--- START ---

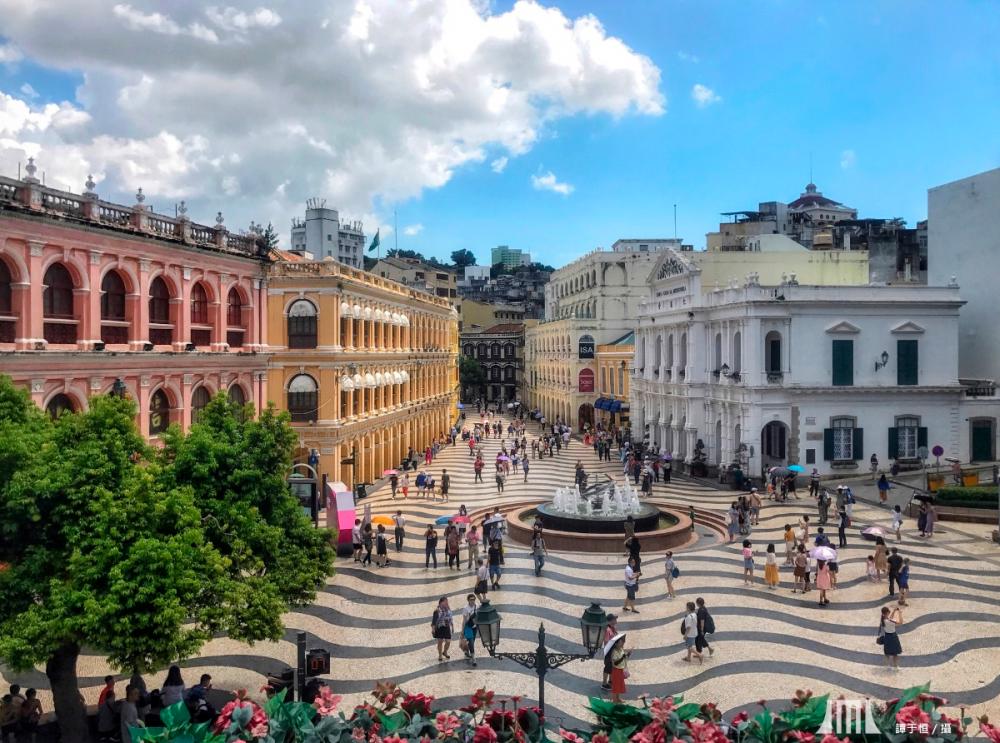 $!The iconic Senado Square — pix courtesy of Macao New Eight Scenic Spots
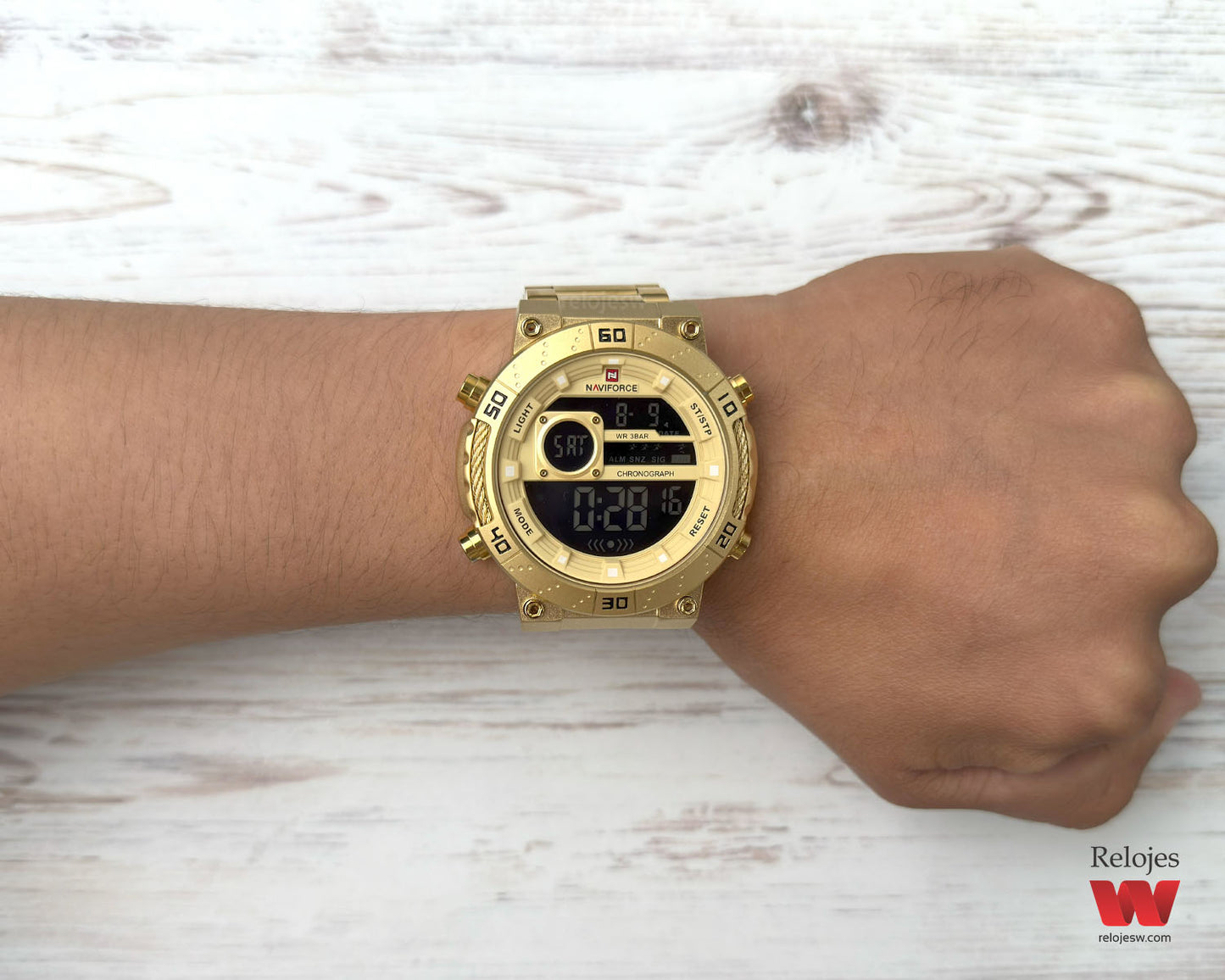 Reloj Naviforce Hombre Dorado NF9241-DO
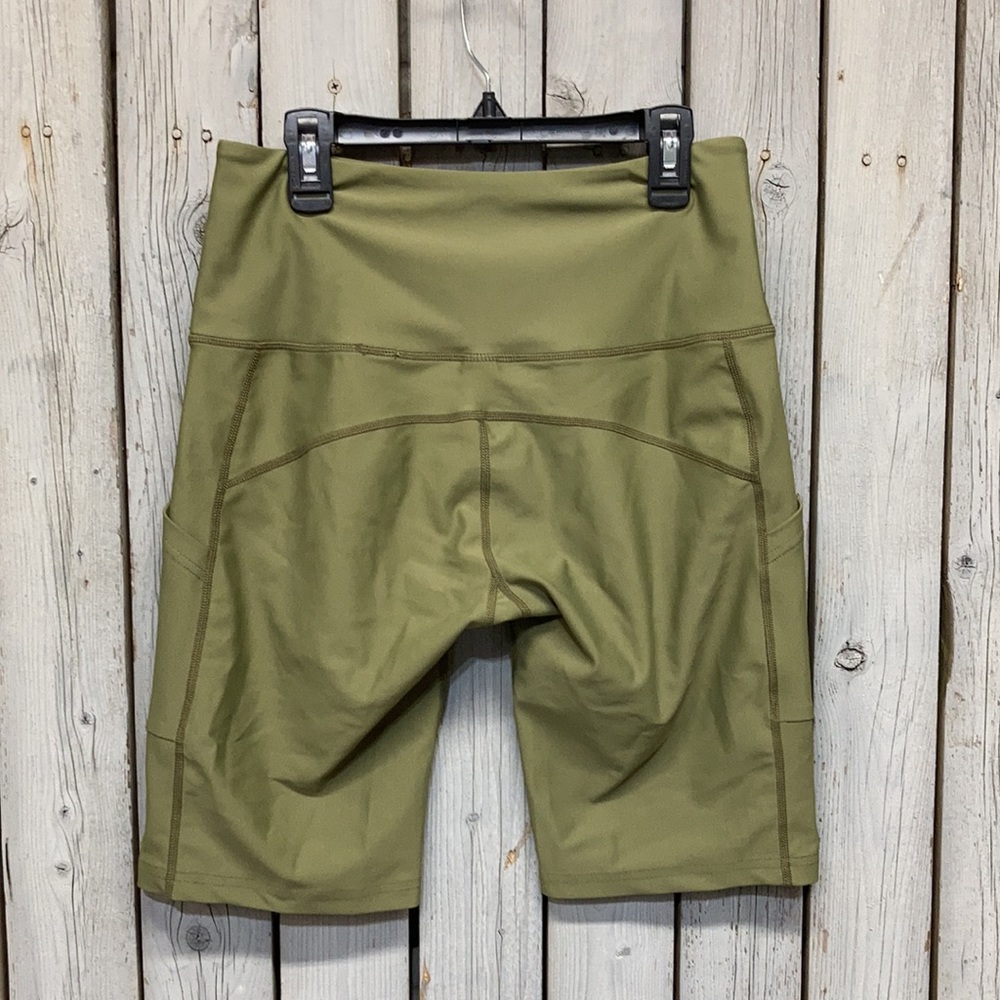 Firm Abs Shorts - Picture 5 of 10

--- END ---

WHAT THIS TASK INVOLVES — Repeat the data exactly. Pictures should not appear.

TASK RESULT —
 $!The iconic Senado Square — pix courtesy of Macao New Eight Scenic Spots
 Reloj Naviforce Hombre Dorado NF9241-DO
 Firm Abs Shorts - Picture 5 of 10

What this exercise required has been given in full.